Her father had seen it in Jimmy and warned Alice, but was there any girl who listened to her father about love? That’s what she believed she felt: love. And love doesn’t think about making a living, doesn’t ask if your dear one is ready for a life of rising before dawn and mucking out the barn and trudging through the pasture in the pouring-down rain when one of the cows doesn’t return at nightfall. Love doesn’t care about any of that, but life sure does. Jimmy kept telling her that life would be against them until they could sell the farm and make a go of things in town. An automobile shop, that was one of his ideas. A gasoline pump out front, a garage where he could fix cars, and a small café where she would serve coffee and sandwiches for city folks out for a drive in the country. A little bit of this, a little bit of that, and that’s how they would make ends meet. He made it sound like a real adventure, people coming from far and wide to fill up their tanks and sample a slice of Alice’s famous apple pie, but it troubled Alice that his dream depended on—required, even—the dispossession or death of her father before it could be launched. In the meantime he made no effort to prepare for any kind of future. He saved no money, did nothing but grumble about living in the house of his father-in-law, and called himself a slave on the old man’s plantation. That the plantation was no more than a hundred acres of grass and rock and woods in a remote corner of Dutchess County never seemed to dampen his sense that they could someday sell it for a small fortune and really start living.

Until then, living was precisely what they weren’t doing.

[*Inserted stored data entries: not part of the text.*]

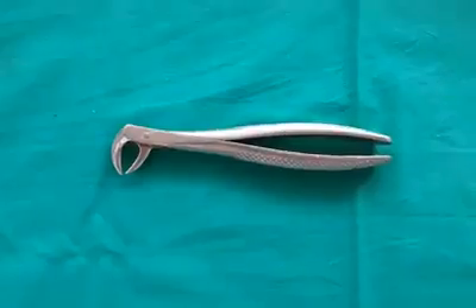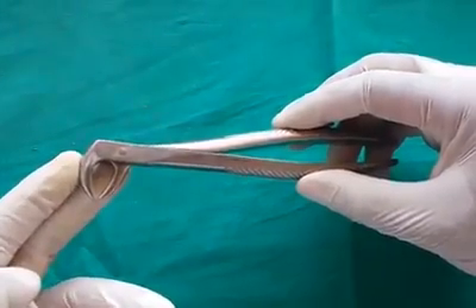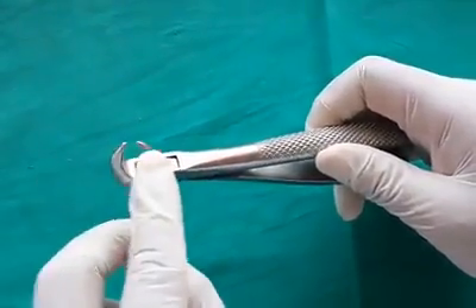Mandibular cowhorn forceps is also a single instrument for both sides. It is used in cases of grossly decayed teeth.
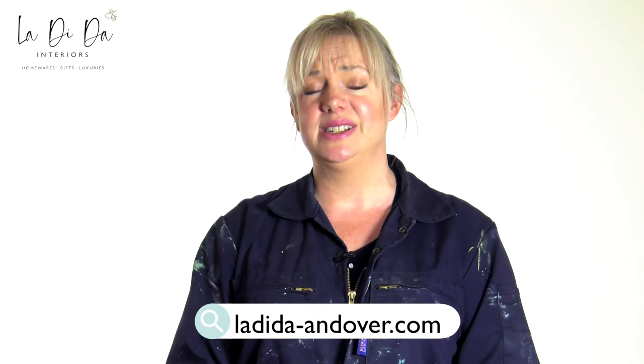Thanks so much for watching. For more information please see our website ladida-andova.com, and don't forget to hit subscribe on YouTube.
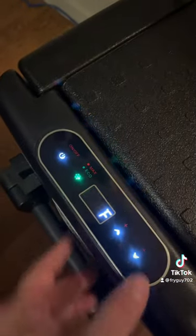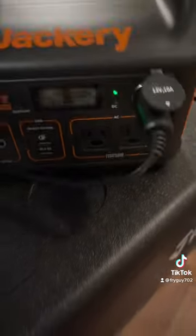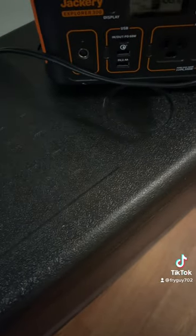I got it set at 33 on eco mode, on the low mode. So let's see how long it takes for the battery to die and to see if it'll hold up when I'm out overlanding.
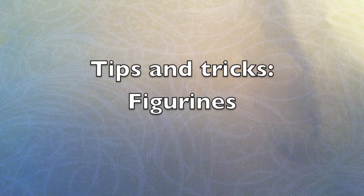Hey everybody, so today I'm going to be doing a tips and tricks video. Now this is very different to what I usually do, but I thought it would help you guys along with all your skills and progressions in making charms. So today I'm going to be talking about how to make figurines.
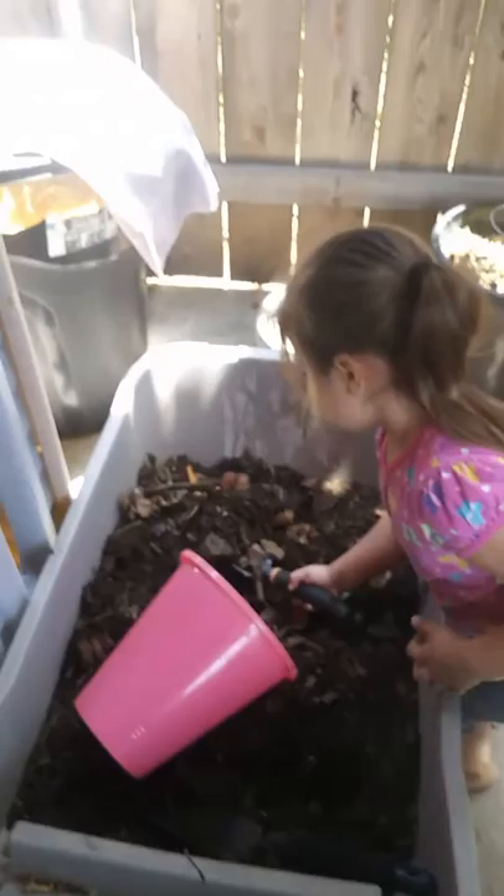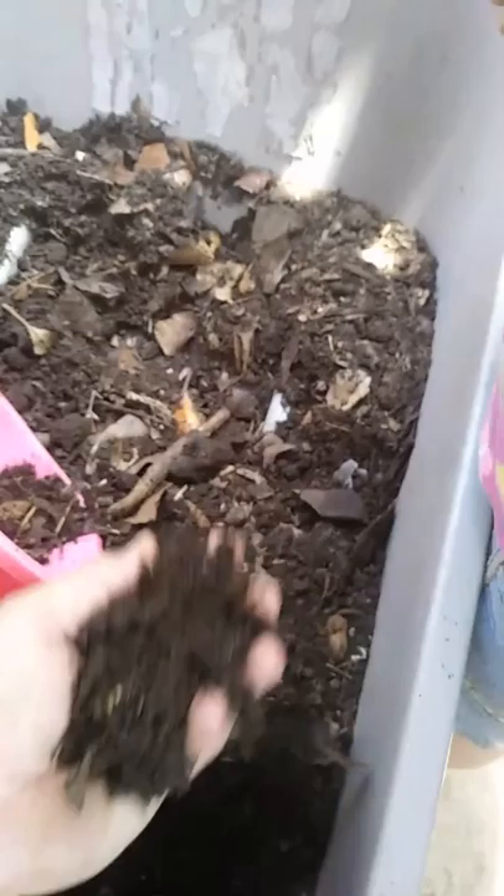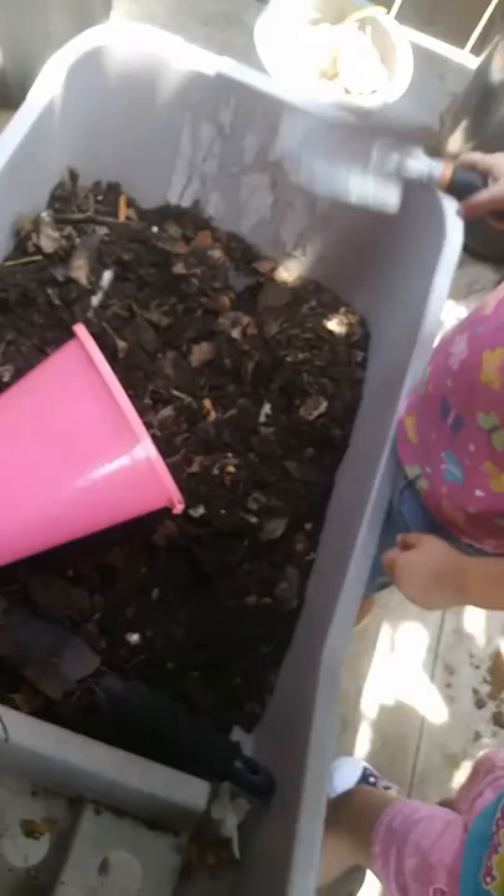What are you doing baby? Is that your compost? Say hi! Hi. So what is this — is this compost or dirt? Dirt. Yeah. Did you make it? Yeah. What are you gonna do with it? Let's make this one. Oh, you're gonna put it in there? Yes.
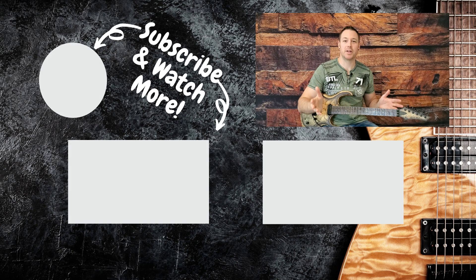Thanks for watching. You've successfully completed Volume 2. In Volume 3, we're going to add yet another pentatonic pattern — there's going to be more arpeggios, more chord forms. You're well on your way to mastery.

Alice and Jimmy seemed trapped in a half-life where little by little they stopped talking to each other, stopped going on picnics by the river, stopped going for drives to Rhinebeck or Millbrook or Pine Plains, stopped doing all of the things they had done before they were husband and wife. Alice had held out against Jimmy’s pleas throughout their courtship and saved herself until the wedding night, and for a while after the big day they’d had a real honeymoon of it. He couldn’t keep his hands off her and she was happy to have his hands wherever they wanted to roam, now that she was Mrs. James Swain. But as he grew more surly, more cramped in the second-floor bedroom, he turned away from her at night. How could he be expected to be in the mood, he protested, when his wife’s father was downstairs, in the room below theirs? It was unnatural. But without steady work for Jimmy, that was life.

After a year of this not-living, and then another year of it, he announced that he needed to go on the road to see if prospects were better in some other place. Christmas had just passed and during the holidays Jimmy had run into some old high-school pals back in town to visit their folks. One day he told Alice that a buddy of his had work for him in Worcester, and the next day he said that he might try his luck with one of his pals on the docks in New London. He was tired of waiting for life to come to him—by which Alice figured he meant that he was tired of waiting for her father to die—so he was going to go out and make a life for them. Except it wouldn’t be them, not yet. It made no sense to take Alice with him until he could get settled (never mind that she could outwork him any day of the week). In the meantime, he would send back money and sock away the rest for their future. That was the plan, and the glow it cast filled him with an energy he hadn’t shown in a long time. His was the nervous twitch of the horse who has been loaded into the starting gate and who awaits the bell that will release him into a sprint.